The judge at Pfc. Bradley Manning's Fort Meade pretrial has ordered that prosecutors hand over hundreds of emails from officers overseeing the alleged whistleblower's detention at a military brig.
According to Raw Story, "Judge Denise Lind said more than 600 emails withheld by prosecutors should be handed over to the defense, though she did not explain the reason behind her decision." Manning's attorneys requested the emails as evidence for their argument that their client was subjected to cruel and illegal treatment while detained at Quantico Marine base.

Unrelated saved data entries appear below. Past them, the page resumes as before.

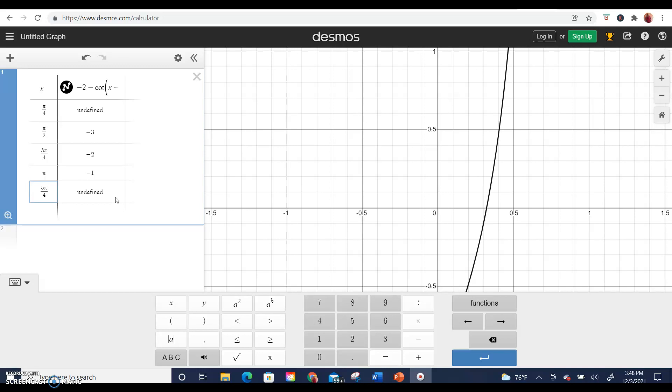If you have any questions about how to graph the tangent or cotangent function, please put them in the comments below and I will respond. If this video made sense to you and you liked it, please hit that thumbs up button. Thanks for watching.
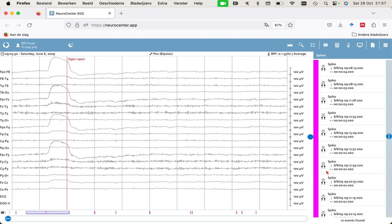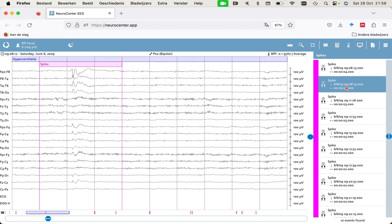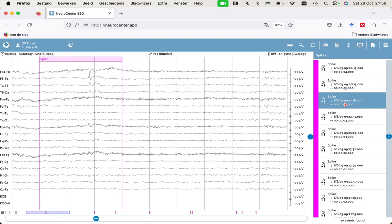We can see that there are 10 events found, and we can easily click them to see what it's found. We see a very nice example of a focal epileptiform discharge of the frontotemporal right lobe. And another example and another example.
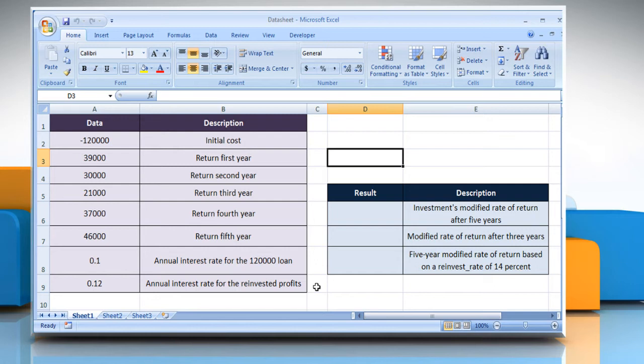Finance Rate: The interest rate you pay on the money used in the cash flows. Reinvest Rate: The interest rate you receive on the cash flows as you reinvest them.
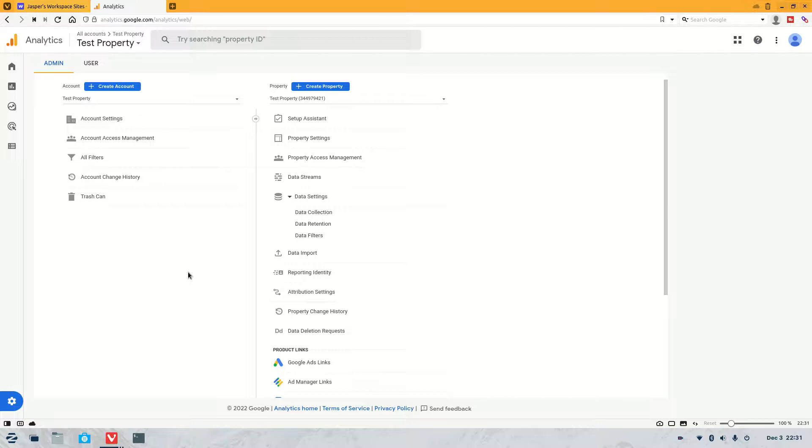Welcome to another Webflow tutorial. As always, my name is Jasper, and what we're going to be covering today is how to connect Google Analytics 4 with your Webflow website.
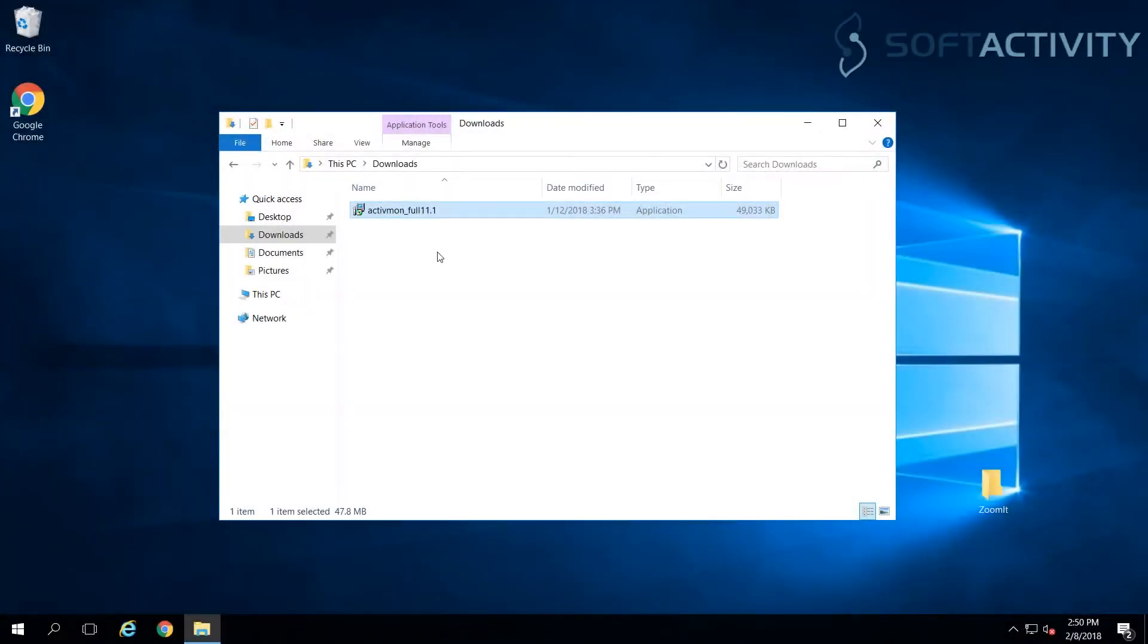Welcome to this Quick Start Instructions video for Activity Monitor by SoftActivity. It's a software for organizations to monitor their employees' computer use.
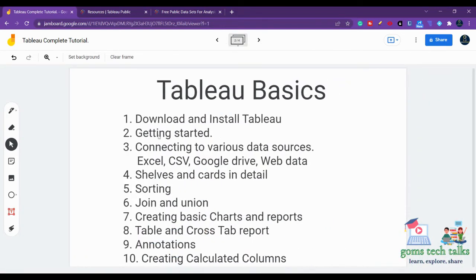In basics, you will learn how to download and install Tableau. You will come to know about various tools which are available and provided to you by Tableau. How to get started, and connecting to various data sources like Excel, CSV, JSON, Google Drive, and Web Data Connector.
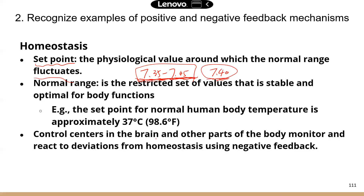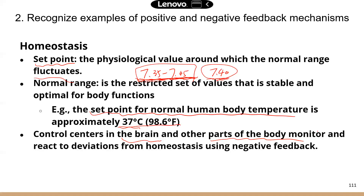There is another example for the set point and the normal range. The set point for body temperature is approximately 37 degrees Celsius, which is 98.6 degrees Fahrenheit. You can deviate a little bit from this number — so a temperature of 37.3 is still considered normal because it's within that normal range. The next term is control centers, which are usually located in the brain or could be other parts of the body. They monitor changes and react using negative feedback — they're kind of like the command center, sensing changes, making decisions, and telling the body what to do.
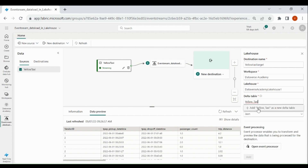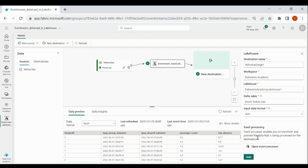Then click on this to add yellow taxi as a new delta table. Before proceeding, remember one thing: if you click on add, your table will be created with the same number of columns coming from your source and with the same data types. If you want to do some modification, you need to click on open event processor before adding it.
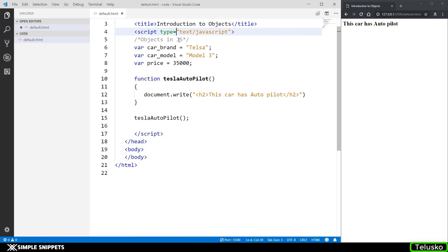Hey, what's going on guys? Tanma here for Telesco Learnings and in this video tutorial, we are going to take an introduction to the concept of objects in JavaScript.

Manning was held in a solitary cell, stripped naked and could wear only a suicide-proof smock to bed.
Raw Story reported that the officers' emails "discuss the military’s plans to respond to queries from reporters about Manning’s detention, preparing for protests, changes to Manning’s list of visitors and other details, according to the judge."

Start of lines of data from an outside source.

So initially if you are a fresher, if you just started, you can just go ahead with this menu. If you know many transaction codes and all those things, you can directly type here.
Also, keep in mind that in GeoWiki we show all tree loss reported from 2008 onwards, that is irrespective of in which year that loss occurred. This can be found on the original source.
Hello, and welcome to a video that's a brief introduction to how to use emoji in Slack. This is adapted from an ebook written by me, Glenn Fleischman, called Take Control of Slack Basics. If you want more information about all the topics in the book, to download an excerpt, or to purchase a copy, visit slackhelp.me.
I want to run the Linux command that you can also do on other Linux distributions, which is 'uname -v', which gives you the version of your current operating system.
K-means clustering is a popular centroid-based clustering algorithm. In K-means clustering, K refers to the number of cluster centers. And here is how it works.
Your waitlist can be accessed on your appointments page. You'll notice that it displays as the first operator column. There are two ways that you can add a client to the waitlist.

Glenn Greenwald took to Twitter to note that what comes from the email handover "should be very interesting."
Manning's trial for charges including that he “aided the enemy” is scheduled for Feb. 4. Courthouse News, observing his pretrial hearing Wednesday, reported that the 24-year-old soldier was closer to entering a plea: "Manning privately told his trial judge Wednesday how he intends to respond to charges that he sent WikiLeaks hundreds of thousands of secret files about U.S. diplomacy and warfare."
As Courthouse News noted, during his arraignment last February, Manning "deferred pleading on any of the 22 charges against him. He also declined to state whether would prefer trying the case before a judge or jury." On Wednesday, Manning updated the judge on his preferences, the details of which are currently private.